A six-game winless run has Frank in trouble before a narrative-laden 1-0 win at Dr Tottenham is followed by just enough 0-0 draws to keep Brighton above the cutline. This clearing of the lowest possible bar with a sensible small club whose name begins with B is immediately used as compelling evidence by tearful journalists wearing I BELONG TO THOMAS T-shirts that Spurs fans are just absolute monsters.

Things soon turn sour, though, when Frank insists on bending everyone’s ear at the training ground talking about how great Crystal Palace are. He duly leaves in the summer to join…

 

Crystal Palace

Oliver Glasner and Crystal Palace keep their sham marriage going until the kids move out in the summer.

In comes Thomas Frank, who immediately endears himself to fans of his new club by turning up to his first press conference in a match-worn Neal Maupay Brighton shirt.

The swooning assembled press agree this is a masterstroke on the part of Frank, and insist he immediately be given the Manchester United or Liverpool job as is his birthright.

 

Liverpool

Patience and loyalty are dirty words in football these days, sadly, and so title-winning manager Arne Slot is out of a job for no reason other than playing consistently bang-average football following a half-billion-pound investment in his squad, and conceding injury-time winners on the regular.

Liverpool move swiftly to replace him with a beloved, iconic former midfielder who is out of work after leaving an ill-fated appointment elsewhere but due to an admin mix-up accidentally appoint Steven Gerrard instead of Xabi Alonso.

 

Chelsea

A BlueCo corporate reshuffle sees Liam Rosenior’s job title changed from manager to head coach.

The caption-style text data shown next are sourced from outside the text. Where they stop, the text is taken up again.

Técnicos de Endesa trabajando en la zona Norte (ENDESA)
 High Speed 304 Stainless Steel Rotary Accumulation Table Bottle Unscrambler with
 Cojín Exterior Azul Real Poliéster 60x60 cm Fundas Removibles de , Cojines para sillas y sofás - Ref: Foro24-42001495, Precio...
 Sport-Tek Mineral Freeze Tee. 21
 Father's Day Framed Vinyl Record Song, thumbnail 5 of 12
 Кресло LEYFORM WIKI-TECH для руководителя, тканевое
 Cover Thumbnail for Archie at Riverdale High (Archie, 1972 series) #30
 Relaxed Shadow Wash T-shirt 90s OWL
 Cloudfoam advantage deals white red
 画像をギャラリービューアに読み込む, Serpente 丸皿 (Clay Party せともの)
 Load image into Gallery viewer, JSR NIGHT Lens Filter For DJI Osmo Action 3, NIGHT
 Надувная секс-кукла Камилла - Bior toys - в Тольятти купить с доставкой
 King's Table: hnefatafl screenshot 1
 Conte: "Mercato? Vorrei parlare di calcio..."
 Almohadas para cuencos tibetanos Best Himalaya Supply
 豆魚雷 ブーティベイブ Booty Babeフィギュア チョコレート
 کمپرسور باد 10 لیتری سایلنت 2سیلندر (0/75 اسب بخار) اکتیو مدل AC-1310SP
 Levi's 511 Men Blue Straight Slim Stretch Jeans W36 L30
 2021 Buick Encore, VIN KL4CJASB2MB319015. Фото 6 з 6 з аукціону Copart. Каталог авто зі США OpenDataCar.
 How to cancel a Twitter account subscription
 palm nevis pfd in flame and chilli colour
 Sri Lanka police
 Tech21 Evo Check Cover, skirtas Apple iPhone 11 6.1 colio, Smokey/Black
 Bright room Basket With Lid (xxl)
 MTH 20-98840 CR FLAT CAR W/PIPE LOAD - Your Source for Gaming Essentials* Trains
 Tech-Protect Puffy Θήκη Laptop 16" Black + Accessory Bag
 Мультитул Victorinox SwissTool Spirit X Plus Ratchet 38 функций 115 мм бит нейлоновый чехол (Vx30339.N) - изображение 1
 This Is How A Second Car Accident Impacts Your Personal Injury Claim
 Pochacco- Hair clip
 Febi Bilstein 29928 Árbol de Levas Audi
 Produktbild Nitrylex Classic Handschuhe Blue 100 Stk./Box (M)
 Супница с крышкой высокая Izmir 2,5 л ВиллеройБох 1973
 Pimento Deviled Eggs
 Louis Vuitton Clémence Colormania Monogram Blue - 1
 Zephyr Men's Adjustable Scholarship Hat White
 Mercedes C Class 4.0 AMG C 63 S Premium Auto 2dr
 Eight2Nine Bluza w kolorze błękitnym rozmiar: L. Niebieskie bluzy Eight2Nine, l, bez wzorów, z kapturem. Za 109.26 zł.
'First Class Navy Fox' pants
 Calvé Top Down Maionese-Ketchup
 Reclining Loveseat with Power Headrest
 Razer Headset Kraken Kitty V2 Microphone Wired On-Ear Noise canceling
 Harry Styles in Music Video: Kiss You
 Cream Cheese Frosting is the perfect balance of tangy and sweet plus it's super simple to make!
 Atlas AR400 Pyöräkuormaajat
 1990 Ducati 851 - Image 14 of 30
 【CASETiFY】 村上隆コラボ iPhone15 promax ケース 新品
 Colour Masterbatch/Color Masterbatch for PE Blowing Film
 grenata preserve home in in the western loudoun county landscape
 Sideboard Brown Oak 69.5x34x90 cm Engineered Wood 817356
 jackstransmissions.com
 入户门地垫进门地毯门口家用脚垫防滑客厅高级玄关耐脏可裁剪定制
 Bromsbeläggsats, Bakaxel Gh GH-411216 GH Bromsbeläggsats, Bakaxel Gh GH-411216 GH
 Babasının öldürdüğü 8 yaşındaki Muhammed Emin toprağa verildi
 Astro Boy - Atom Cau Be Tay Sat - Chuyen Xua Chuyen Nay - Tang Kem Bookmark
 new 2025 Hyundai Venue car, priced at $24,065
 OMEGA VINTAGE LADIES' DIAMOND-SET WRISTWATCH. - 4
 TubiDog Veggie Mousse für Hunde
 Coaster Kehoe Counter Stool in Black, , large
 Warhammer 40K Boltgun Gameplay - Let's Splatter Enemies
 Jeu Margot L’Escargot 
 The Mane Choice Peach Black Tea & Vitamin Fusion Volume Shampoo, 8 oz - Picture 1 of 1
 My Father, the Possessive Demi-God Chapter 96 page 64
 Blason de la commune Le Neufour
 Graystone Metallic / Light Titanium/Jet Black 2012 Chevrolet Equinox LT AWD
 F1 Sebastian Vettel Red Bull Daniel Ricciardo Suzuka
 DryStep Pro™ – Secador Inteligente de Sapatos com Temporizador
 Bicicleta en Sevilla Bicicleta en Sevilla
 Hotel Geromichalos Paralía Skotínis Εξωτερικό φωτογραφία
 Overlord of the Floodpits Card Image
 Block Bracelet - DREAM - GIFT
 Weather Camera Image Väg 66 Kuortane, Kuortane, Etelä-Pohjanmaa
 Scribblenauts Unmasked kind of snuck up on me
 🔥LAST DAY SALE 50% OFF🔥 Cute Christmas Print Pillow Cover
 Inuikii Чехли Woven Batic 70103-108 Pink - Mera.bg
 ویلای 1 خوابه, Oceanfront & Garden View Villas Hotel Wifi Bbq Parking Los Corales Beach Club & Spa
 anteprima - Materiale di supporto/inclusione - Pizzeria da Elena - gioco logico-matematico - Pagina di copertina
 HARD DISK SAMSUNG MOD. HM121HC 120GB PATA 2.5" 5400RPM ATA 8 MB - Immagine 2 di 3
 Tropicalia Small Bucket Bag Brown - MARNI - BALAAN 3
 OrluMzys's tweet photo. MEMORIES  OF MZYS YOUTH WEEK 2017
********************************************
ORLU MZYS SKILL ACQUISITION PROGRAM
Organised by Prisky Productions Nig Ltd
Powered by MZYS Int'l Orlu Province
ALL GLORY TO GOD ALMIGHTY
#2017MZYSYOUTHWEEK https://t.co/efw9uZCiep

Rosenior is typically philosophical about the change, declaring “In English, ‘head coach’, if you split the two words, is ‘head’ and ‘coach’, so you’re ‘coaching heads’” before saying he considers himself both a manager and a coach anyway and “probably entertainer third” before giving an unprompted 1000-word summary of what ageing Chelsea’s men had taught him about B2B sales.

 

Manchester City

Pep Guardiola’s storied reign comes to a weary end and he is replaced by Enzo Maresca.

“The city has been colonised by baldmen, really, hasn’t it?” laments Sir Jim Ratcliffe.